La pagina, gestita da un ragazzo di 17 anni – dimostrazione di come la differenza la possano fare non solo gli adulti – che abbiamo intervistato, è stata aperta nel giugno 2019 al fine di sensibilizzare, come @apriteilcervello afferma: «Condividevo molto spesso post inerenti ad argomenti sociali sul mio profilo privato, così ho pensato di aprire una pagina per poter esporre il mio punto di vista e sensibilizzare più persone possibili». Come abbiamo avuto modo di vedere grazie alla Mappa dell’Intolleranza, l’odio e l’hate speech da qualche tempo si concentrano sui social come Twitter o Instagram, dove quindi è importante che ci siano pagine gestite da persone motivate; abbiamo quindi chiesto all’admin cosa lo spingesse a mandarla avanti: «Credo che l’odio si manifesti sia tramite insulti verbali che addirittura nei casi più estremi tramite aggressioni fisiche. Oggi sono molto più diffusi insulti verbali, poiché viviamo in un’epoca nella quale abbiamo dimenticato che le parole hanno un peso e che talvolta possono ferire tanto quanto un pugno o un calcio. Ad oggi credo che l’odio si manifesti molto di più sul web, molte persone si sentono protette da quel cellulare e da quell’account fake che hanno aperto appositamente per insultare, molto probabilmente nella vita reale non riuscirebbero neanche a dire la metà di ciò che scrivono. So che è importante che sul web ci sia sensibilizzazione, la gente omofoba o razzista credo che sia relativamente poca, mentre credo che sia tantissima la gente che pur non essendo né omofoba né razzista, non interverrebbe mai davanti ad aggressioni o battute discriminatorie. Riuscire a sensibilizzare questa “fetta” di persone credo che sia ciò che mi spinge ad andare avanti con la pagina».

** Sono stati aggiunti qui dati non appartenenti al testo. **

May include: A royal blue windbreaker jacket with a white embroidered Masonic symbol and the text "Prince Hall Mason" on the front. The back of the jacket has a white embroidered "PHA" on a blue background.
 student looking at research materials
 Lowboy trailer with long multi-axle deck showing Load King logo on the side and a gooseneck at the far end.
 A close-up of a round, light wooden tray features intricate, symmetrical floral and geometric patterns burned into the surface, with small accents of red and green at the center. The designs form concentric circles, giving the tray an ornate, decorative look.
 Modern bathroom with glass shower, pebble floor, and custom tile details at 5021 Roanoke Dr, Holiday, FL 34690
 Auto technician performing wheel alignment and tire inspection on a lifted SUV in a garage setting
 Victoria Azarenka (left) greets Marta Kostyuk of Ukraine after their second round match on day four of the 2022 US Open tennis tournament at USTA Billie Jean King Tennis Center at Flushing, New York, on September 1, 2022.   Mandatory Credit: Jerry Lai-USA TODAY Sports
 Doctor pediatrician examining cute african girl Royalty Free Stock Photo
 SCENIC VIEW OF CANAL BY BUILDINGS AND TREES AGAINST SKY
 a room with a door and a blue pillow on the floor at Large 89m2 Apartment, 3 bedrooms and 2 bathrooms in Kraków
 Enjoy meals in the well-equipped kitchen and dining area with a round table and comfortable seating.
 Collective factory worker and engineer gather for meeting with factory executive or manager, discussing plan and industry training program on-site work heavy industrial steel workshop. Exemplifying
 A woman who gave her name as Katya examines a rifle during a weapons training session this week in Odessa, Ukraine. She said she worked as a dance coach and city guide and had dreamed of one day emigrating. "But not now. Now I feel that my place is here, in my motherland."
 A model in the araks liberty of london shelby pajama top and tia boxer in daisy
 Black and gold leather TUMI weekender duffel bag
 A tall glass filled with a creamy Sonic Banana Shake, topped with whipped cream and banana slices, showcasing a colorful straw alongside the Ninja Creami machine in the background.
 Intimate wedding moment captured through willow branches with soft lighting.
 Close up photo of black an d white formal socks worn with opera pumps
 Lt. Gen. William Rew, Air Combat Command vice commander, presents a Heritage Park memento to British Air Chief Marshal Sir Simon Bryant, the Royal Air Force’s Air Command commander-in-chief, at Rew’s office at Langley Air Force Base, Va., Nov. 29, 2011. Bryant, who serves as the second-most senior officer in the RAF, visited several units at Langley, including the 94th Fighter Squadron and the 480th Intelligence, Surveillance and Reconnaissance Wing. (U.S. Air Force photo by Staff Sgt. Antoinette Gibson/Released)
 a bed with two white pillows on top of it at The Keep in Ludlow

Anche lui sostiene la posizione di Vox-Osservatorio in merito al ruolo che la politica ha in questa faccenda: «La classe politica svolge un ruolo fondamentale. Parlamentari, ministri e così via rappresentano il nostro Paese e dovrebbero dare l’esempio ai cittadini. Inutile dire che se i politici sono i primi a diffondere odio e a usare parole di odio senza conseguenze, ci saranno molti cittadini che si sentiranno legittimati ad avere lo stesso comportamento».
Gli abbiamo chiesto un consiglio da dare a tutti coloro che vogliono affrontare questa lotta contro l’odio: «Non rimanere in silenzio, non aver paura di dire la loro attraverso i social media, molto spesso le persone che vorrebbero pubblicare anche semplici post contro l’omofobia e il razzismo, rimangono in silenzio solo per paura di essere giudicati. Se tutte queste persone iniziassero a farlo, scopriremmo che in realtà siamo più di quanto pensassimo a odiare questo tipo di discriminazione».
Chiedetevi in che tipo di Italia – in che tipo di mondo – volete vivere.
Iniziate a guardare con occhio critico ciò che vi circonda e se non vi piace, cercate di migliorarlo, partendo da quello che voi stessi potete fare. Quando le persone odiano, bisogna diffondere amore, tolleranza e libertà, perché come affermato da Rosa Parks: «Credo che siamo qui sul pianeta terra per vivere, crescere e fare il possibile per rendere questo mondo un posto migliore in cui tutte le persone possano godere della libertà».